N4 is the level where isolated sentences become connected discourse. At N5 you could name a cat and buy a ticket; at N4 you can say I bought the ticket my friend recommended, so if it rains tomorrow we'll go anyway. The jump is not more vocabulary — it is the connective machinery that stitches clauses together: the て-form and everything that bolts onto it, the four conditionals, the giving-and-receiving system, and plain-form grammar. Work this checklist top to bottom; it assumes everything on the N5 checklist is already solid.
1. The te-form toolkit
The て-form is the hinge of intermediate Japanese. N4 wants you forming it instantly and knowing the high-frequency patterns that attach to it. This whole cluster has its own dedicated route — the Master the Te-Form path — so use that for depth and this table as the checklist.
| Done | Point | Learn it on |
|---|---|---|
| Forming the て-form (all classes) | verbs/te-form-overview | |
| 〜ている: progressive & resultant state | verbs/te-iru-overview-two-meanings | |
| 〜てある: intentional resultant state | verbs/te-aru-resultant-transitive | |
| 〜ておく: do in advance | verbs/te-oku-preparation | |
| 〜てしまう: completion & regret | verbs/te-shimau-completion-regret | |
| 〜てみる: try doing | nuance/te-miru-try | |
| 〜てもいい: permission | nuance/temo-ii-permission | |
| 〜てはいけない: prohibition | nuance/tewa-ikenai-prohibition | |
| 〜てから: after doing | verbs/te-kara-after |
今、駅に向かっているから、あと十分くらいで着くよ。
ima, eki ni mukatte iru kara, ato juppun kurai de tsuku yo
I'm heading to the station now, so I'll be there in about ten minutes.
2. Giving and receiving
Japanese has three separate verbs for a transfer, chosen by who gives to whom relative to you.
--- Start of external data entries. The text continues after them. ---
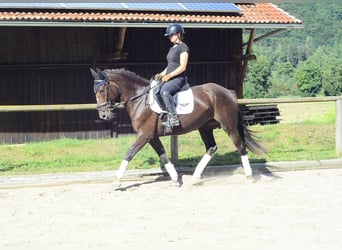Más caballos centroeuropeos, Yegua, 4 años, 163 cm, Alazán-tostado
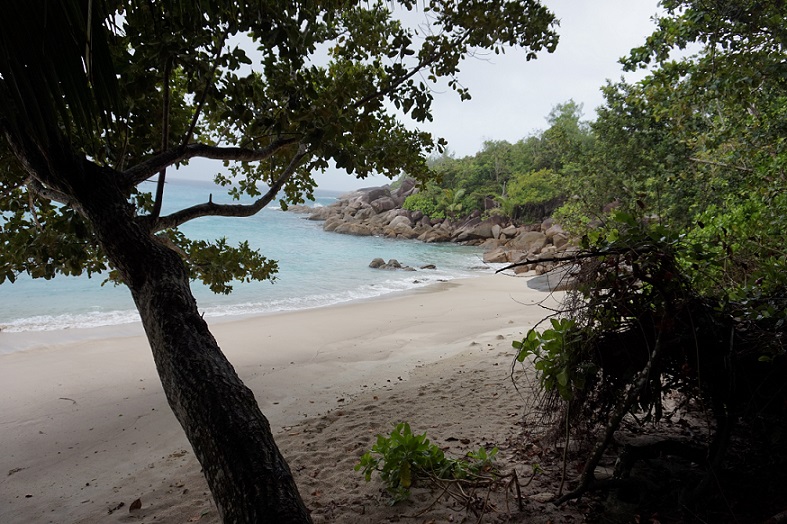 Anse Major 4.JPG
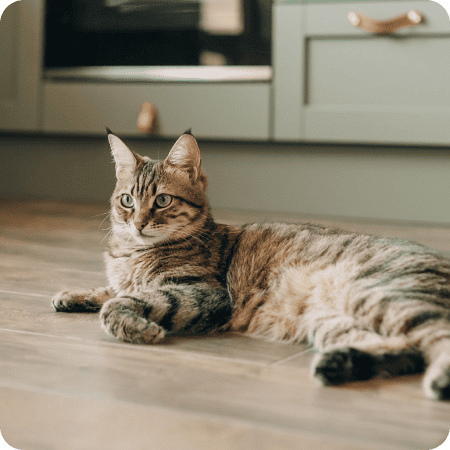 Chat explorant la maison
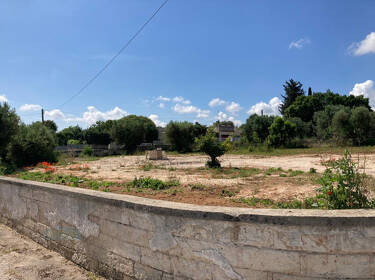 foto principale del terreno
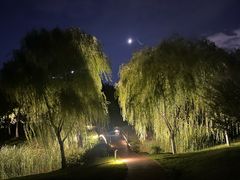 -滨湖塘西河公园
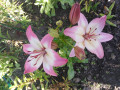upload_img1
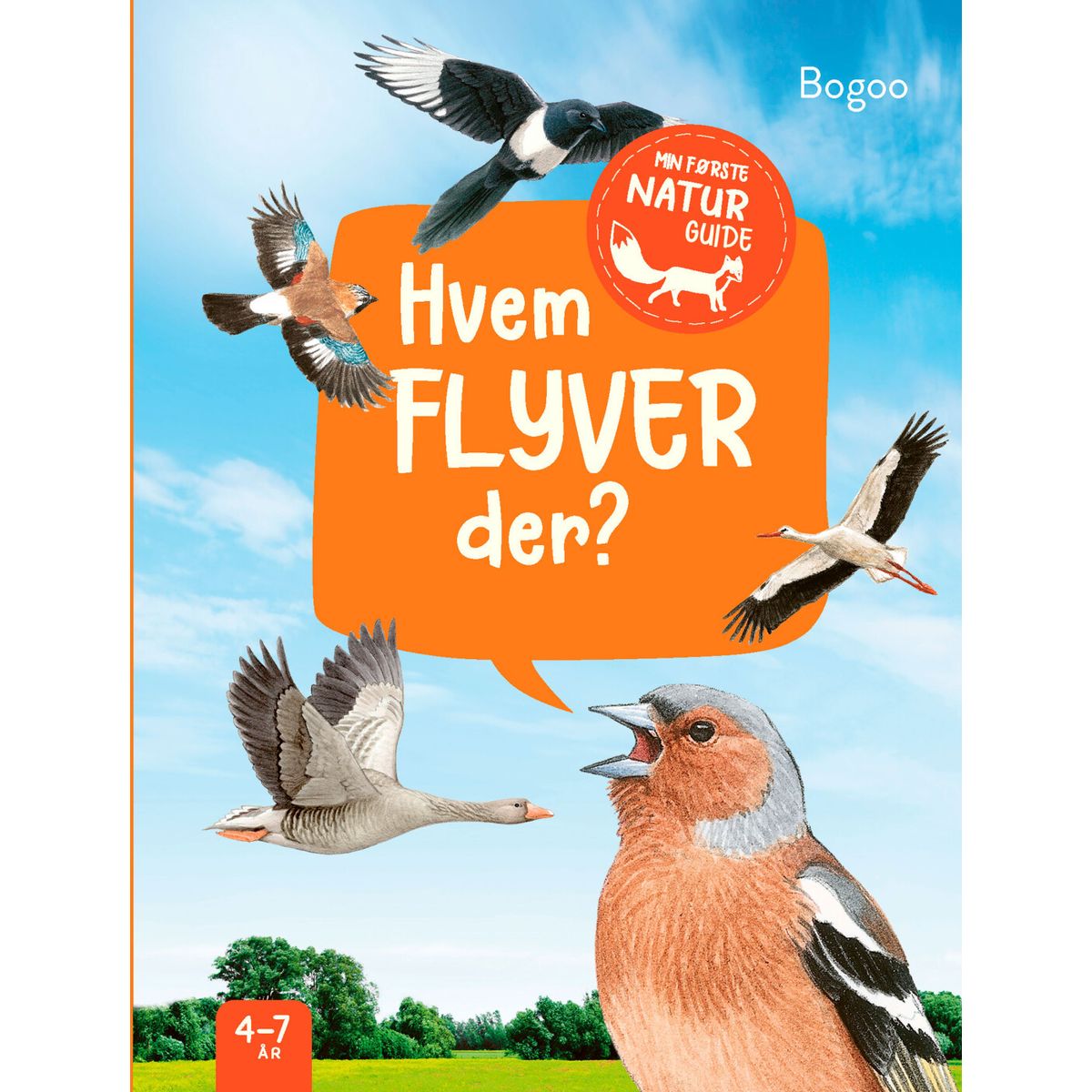 Hvem Flyver Der? - Lea Hille - Bog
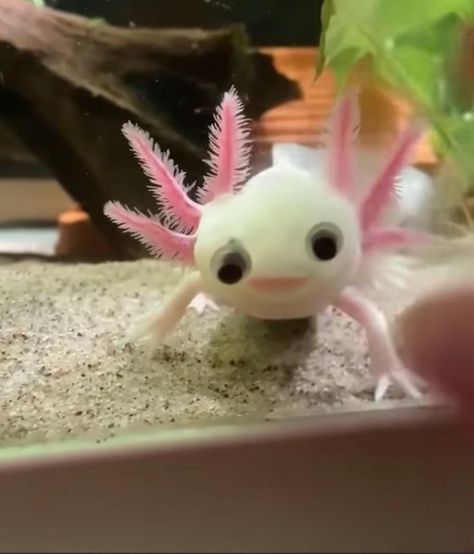 Funny & cute ❤️ #aquadecor #3dbackgrounds [Video] | Axolotl pet, Cute animal photos, Cute funny animals Axolotl Real Life, Axolotl Tank Ideas Aquarium, Gfp Axolotl, Axolotl Tank Ideas, Baby Axolotl, Axolotl Tank, Fish Cute, Axolotl Cute, Cute Axolotl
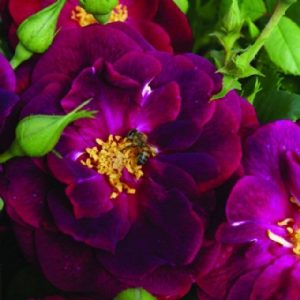 Standard Purple Glow 90cm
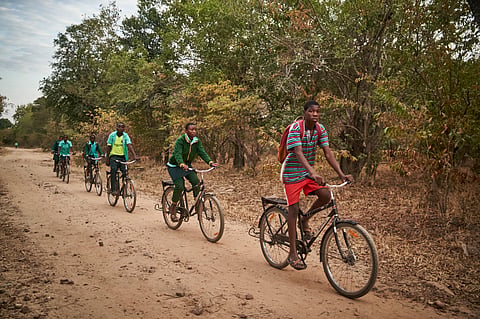 School children ride bicycles through a forest to school on June 12, 2023 in Binga, Zimbabwe.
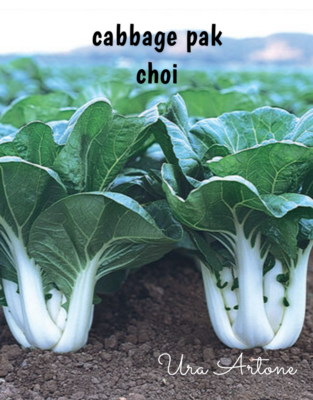 2000 seeds of cabbage pak choi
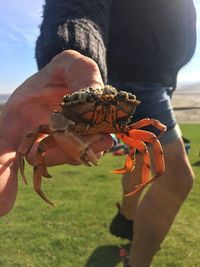 Close-up of hand holding cigarette
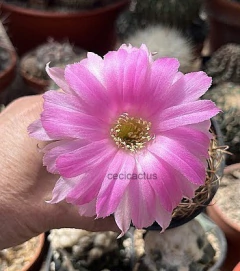 Lobivia hibrida 'Doncella' injertada (elegir tamaño) - comprar online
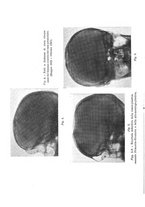 giornale/TO00013817/1937/v.7/00000076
Attach them to the て-form and they express favors — the backbone of polite social Japanese. This cluster reliably trips up English speakers, so give it real time.
| Done | Point | Learn it on |
|---|---|---|
| あげる・くれる・もらう overview | verbs/giving-receiving-overview | |
| あげる vs くれる: direction of giving | verbs/giving-ageru-kureru | |
| もらう: receiving | verbs/giving-morau | |
| 〜てあげる: doing a favor outward | verbs/giving-te-ageru | |
| 〜てくれる: a favor done for me | verbs/giving-te-kureru | |
| 〜てもらう: getting something done | verbs/giving-te-morau |
引っ越しのとき、友達が手伝ってくれて本当に助かった。
hikkoshi no toki, tomodachi ga tetsudatte kurete hontō ni tasukatta
When I moved, my friend helped me out and it was a real lifesaver.
3. The four conditionals
と, ば, たら, and なら all translate as "if" but divide the job among themselves. Learning where each belongs is one of the hardest N4 tasks — there's a whole conditionals path for it.
| Done | Point | Learn it on |
|---|---|---|
| The four conditionals: overview | verbs/conditional-overview | |
| と: natural consequence | verbs/conditional-to | |
| ば: provisional condition | verbs/conditional-ba | |
| たら: the versatile if/when | verbs/conditional-tara | |
| なら: the copula conditional | copula/nara-conditional |
東京に着いたら、すぐ連絡します。
tōkyō ni tsuitara, sugu renraku shimasu
I'll contact you as soon as I get to Tokyo.
4. Potential and volitional
Two new verb forms: potential ("can do") and volitional ("let's / I intend to"). Both feed higher-level grammar, so lock the formation now.
| Done | Point | Learn it on |
|---|---|---|
| The potential form ("can") | verbs/potential-overview | |
| Potential formation by class | verbs/potential-formation | |
| 〜ことができる: the analytic potential | verbs/potential-koto-ga-dekiru | |
| The volitional 〜よう/おう | verbs/volitional-overview | |
| 〜(よ)うと思う: stating intention | verbs/volitional-to-omou | |
| The plain imperative 〜ろ/〜え | verbs/imperative-plain |
私は辛いものがあまり食べられないんです。
watashi wa karai mono ga amari taberarenai n desu
I can't really eat spicy food.
5. Plain-form grammar
At N5 you mostly stayed polite. N4 grammar attaches to the plain form: quotation, opinion, intention, and nominalization all build on it.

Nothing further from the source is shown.